From Phys.Org:
We and all other animals wouldn't be here today if our planet didn't have a lot of oxygen in its atmosphere and oceans. But how crucial were high oxygen levels to the transition from simple, single-celled life forms to the complexity we see today? A study by University of California, Berkeley geochemists presents new evidence that high levels of oxygen were not critical to the origin of animals. The researchers found that the transition to a world with an oxygenated deep ocean occurred between 540 and 420 million years ago. They attribute this to an increase in atmospheric O2 to levels comparable to the 21 percent oxygen in the atmosphere today. This inferred rise comes hundreds of millions of years after the origination of animals, which occurred between 700 and 800 million years ago.
"The oxygenation of the deep ocean and our interpretation of this as the result of a rise in atmospheric O2 was a pretty late event in the context of Earth history," said Daniel Stolper, an assistant professor of earth and planetary science at UC Berkeley. "This is significant because it provides new evidence that the origination of early animals, which required O2 for their metabolisms, may have gone on in a world with an atmosphere that had relatively low oxygen levels compared to today." He and postdoctoral fellow Brenhin Keller will report their findings in a paper posted online Jan. 3 in advance of publication in the journal Nature. Keller is also affiliated with the Berkeley Geochronology Center. Oxygen has played a key role in the history of Earth, not only because of its importance for organisms that breathe oxygen, but because of its tendency to react, often violently, with other compounds to, for example, make iron rust, plants burn and natural gas explode.
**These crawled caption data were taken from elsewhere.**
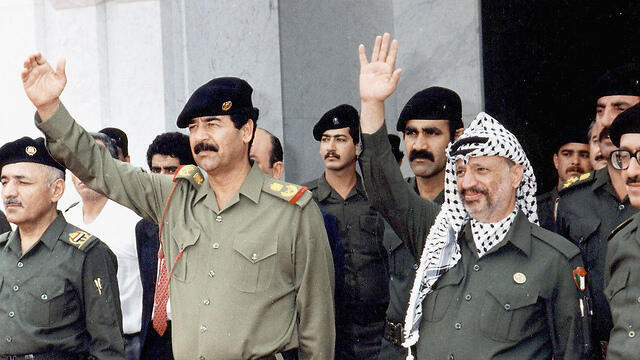 Arafat (R) said he had no choice but support Saddam Hussein in the first Gulf War (צילום: gettyimages) Arafat (R) said he had no choice but support Saddam Hussein in the first Gulf War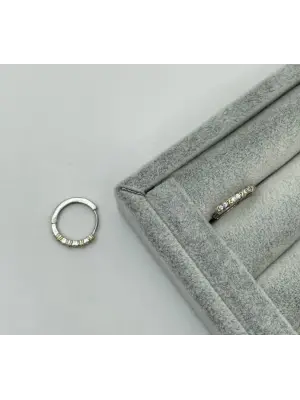 XOXO Taşlı Çelik Halka Küpe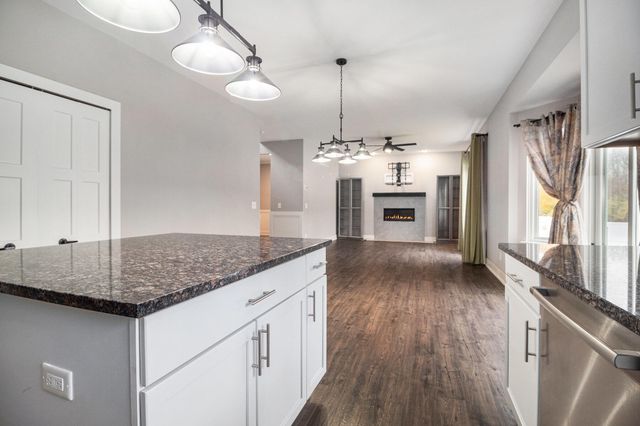 583 Falcon Drive, Dundee, MI 48131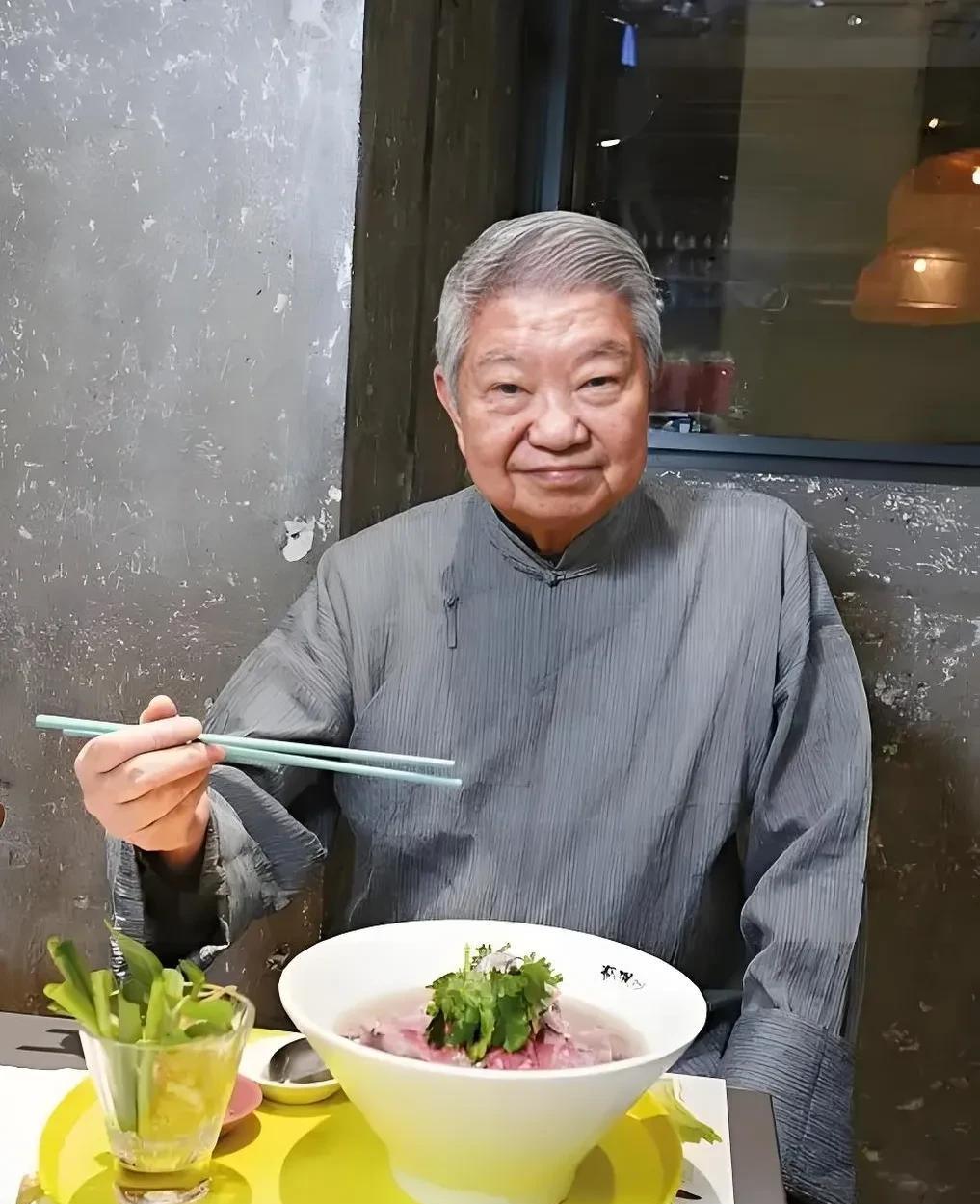 蔡澜走了，老爷子不是死于疾病，也不是死于孤独终老，而是潇洒快活一生之后的寿终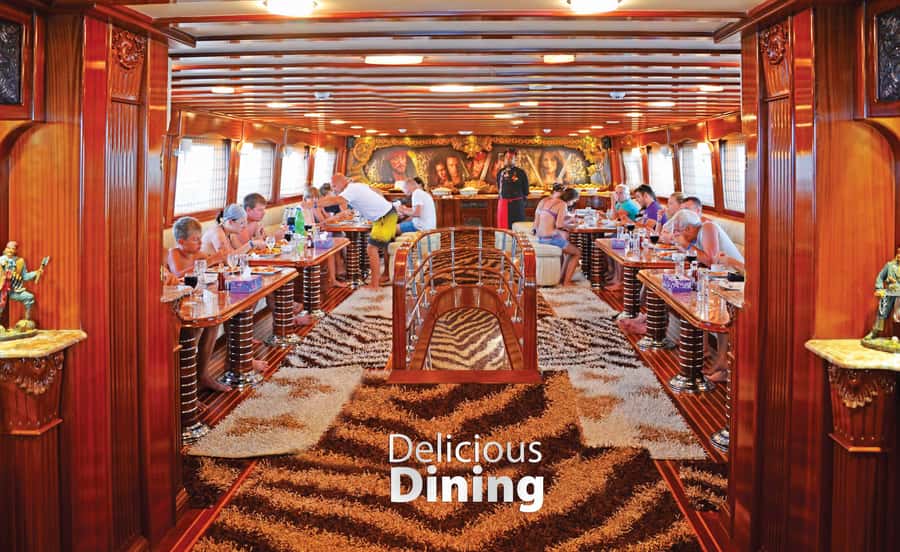 Hurghada: Pirates Sailing Boat to Orange Bay with Transfers - Orange Bay for one sandy hour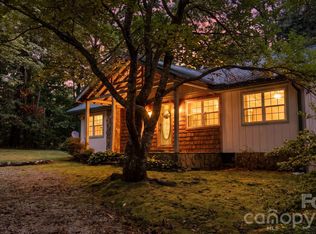 97 Walter McNeely Rd, Sapphire, NC 28774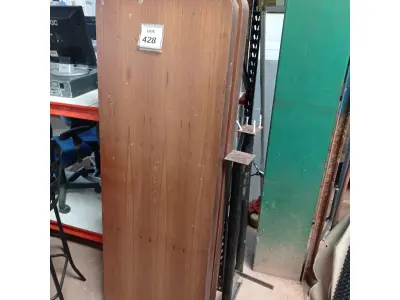 LOTE 428 - 01 MESA DE PAREDE EM MADEIRA PARA LANCHONETE. (NO ESTADO) ATENÇÃO! FAZER A VISITAÇÃO ANTES DE ARREMATAR, NÃO SABEMOS SE FUNCIONA. LEILÃO NÃO TEM GARANTIA E NEM DEVOLUÇÃO, SUJEITO A POSSÍVEIS AVARIAS VISÍVEIS/OCULTAS E/OU AUSÊNCIA DE COMPONENTES.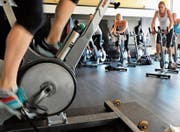 In Form dank Spinning: körperliche Ertüchtigung in einem Fitnesscenter. Bild: Mark Gail/Getty Images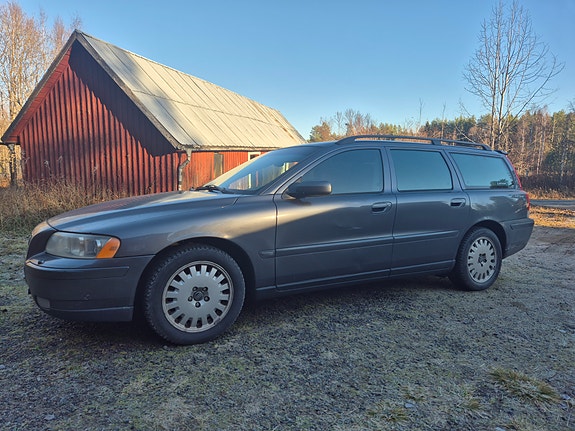 Volvo V70 2 of 3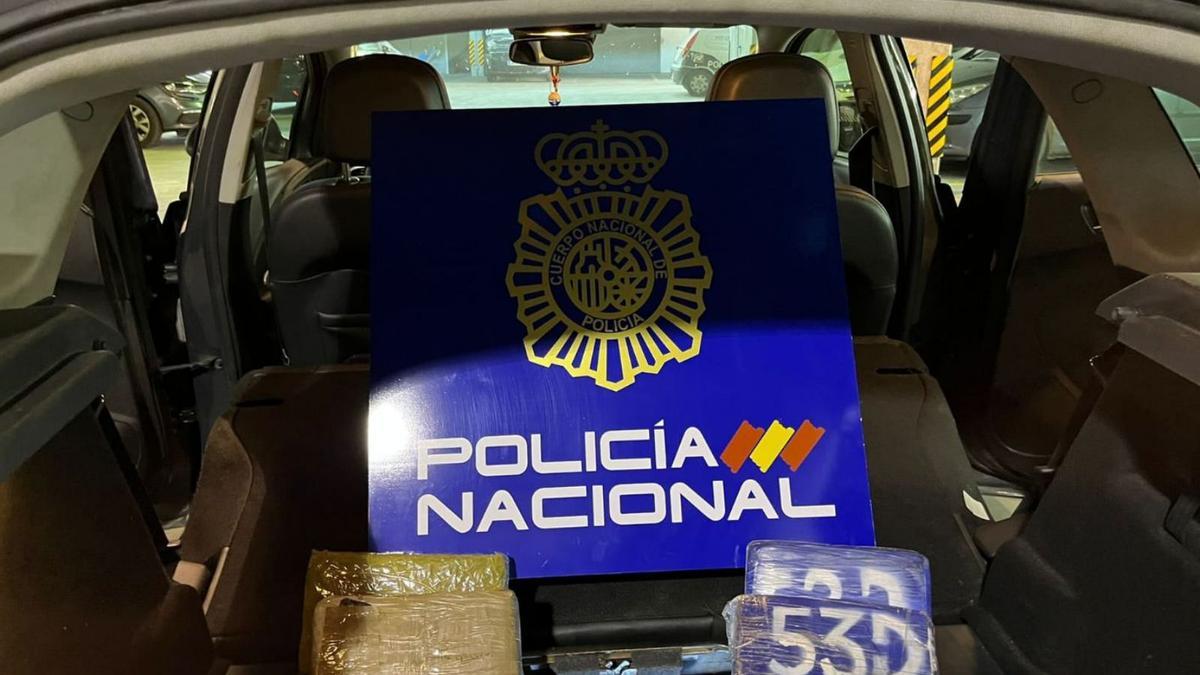 Droga incautada por la Policía Nacional en un vehículo que circulaba por la comarca de Tierra de Campos.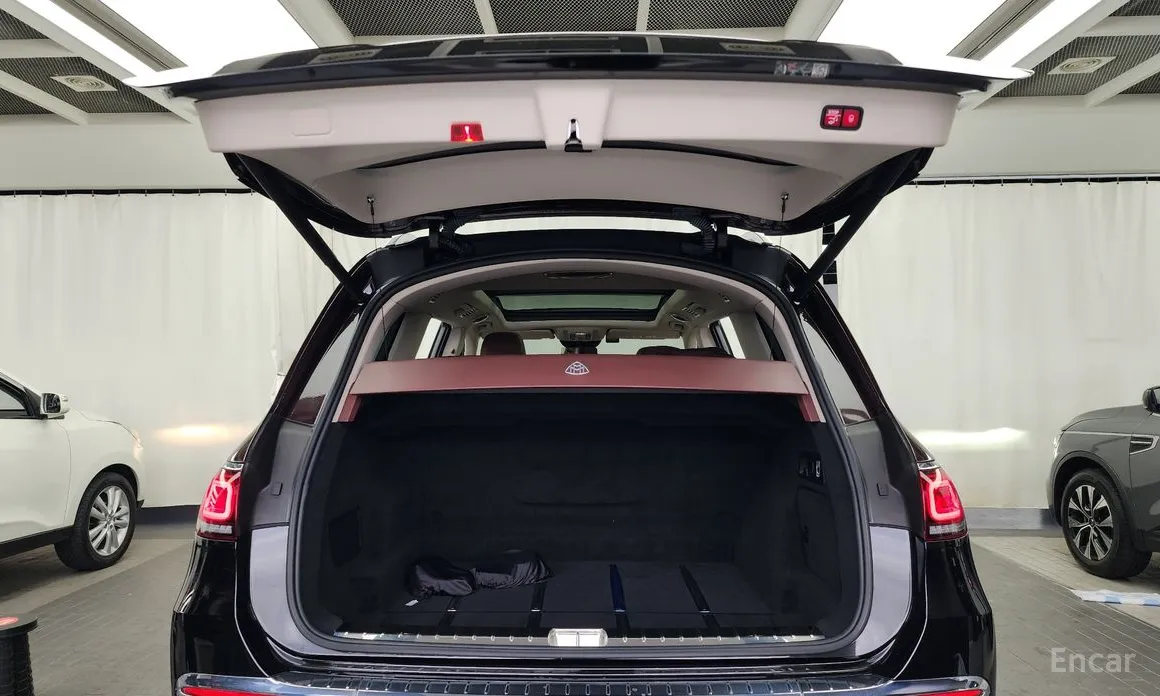 Фото 20 - Mercedes-Benz GLS-Class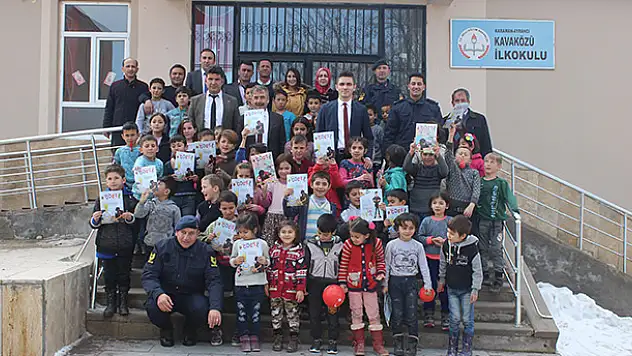 Karaman'da Kaymakam Çakır öğrencilere Jandarma Çocuk Dergisi dağıttı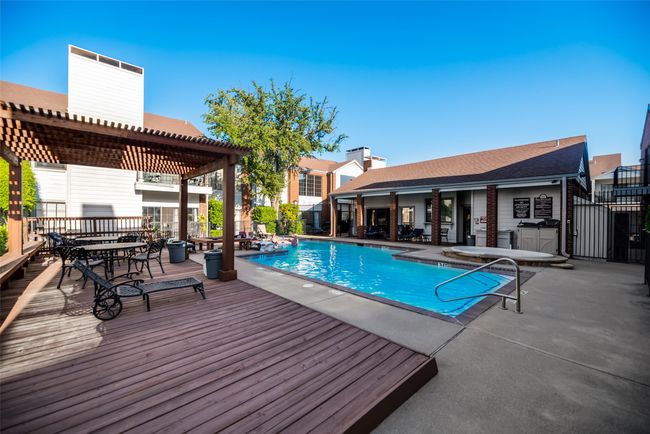 APT-255 - 5100 Verde Valley Ln, Condo with 2 bedrooms, 2 bathrooms and null parking in Dallas TX | Image 20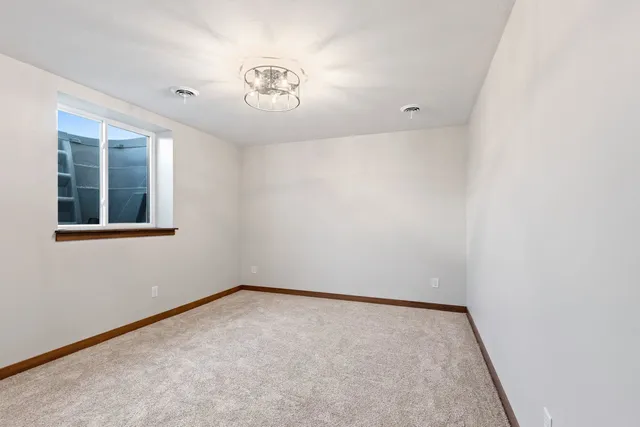 $699,900 | 1650 Sweetbriar Way Green, Green Bay, WI 54311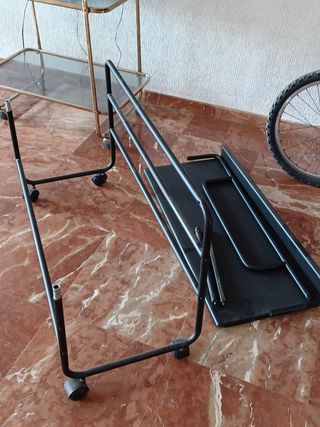 mesa baja TV musica hi-fi ruedas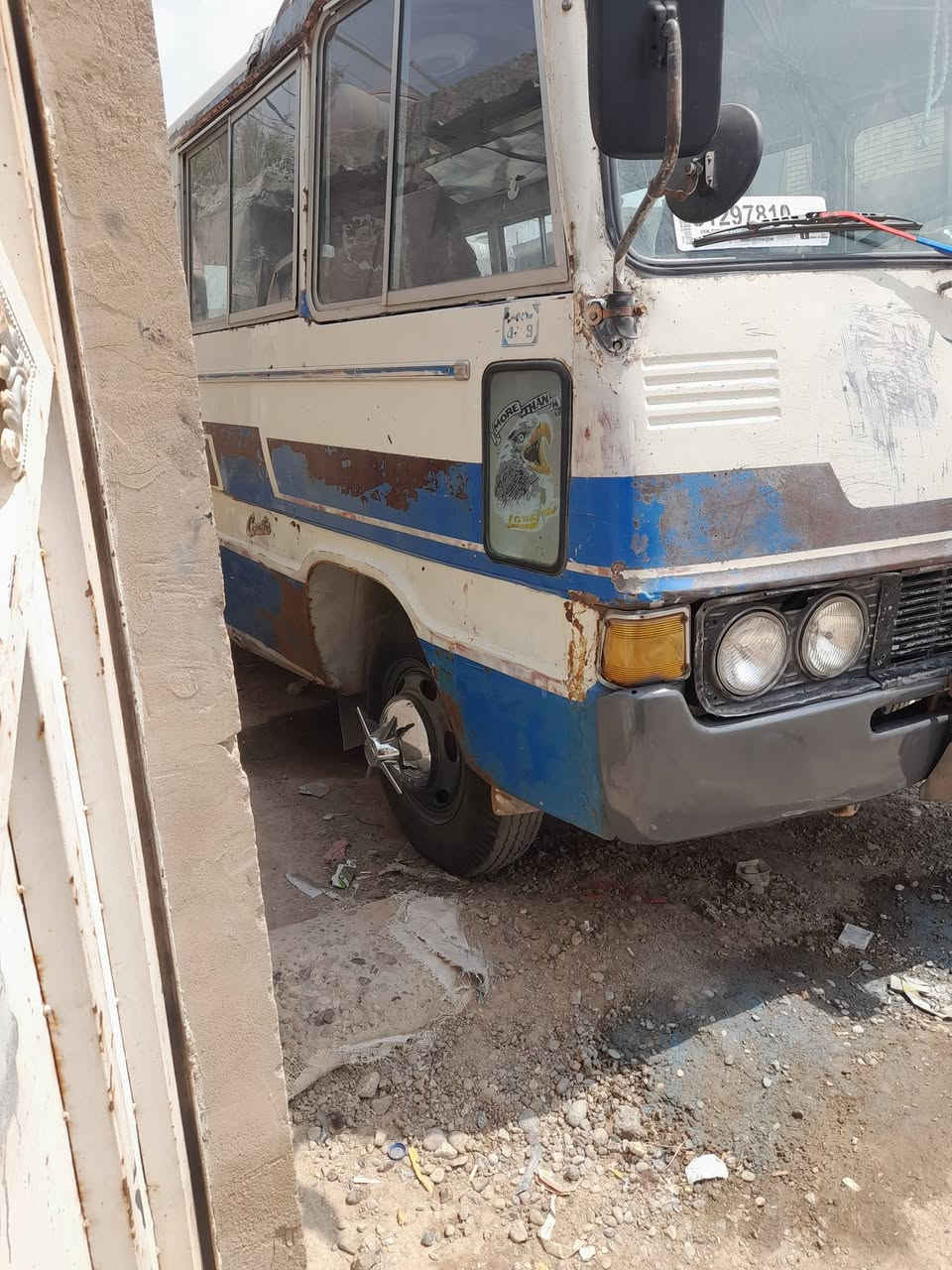 السلام عليكم كوستر مديل ٨١ محرك بلادي جيد تايرات جيده صاحبها الشرعي بالموصل موجود مكاني بغداد المشتل مابيها اي نقص كبل لشارع باقي تفاصيل ع المبايل الرقم ***********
Tracking the concentration of oxygen in the ocean and atmosphere over Earth's 4.5-billion-year history, however, isn't easy. For the first 2 billion years, most scientists believe very little oxygen was present in the atmosphere or ocean. But about 2.5-2.3 billion years ago, atmospheric oxygen levels first increased. The geologic effects of this are evident: rocks on land exposed to the atmosphere suddenly began turning red as the iron in them reacted with oxygen to form iron oxides similar to how iron metal rusts.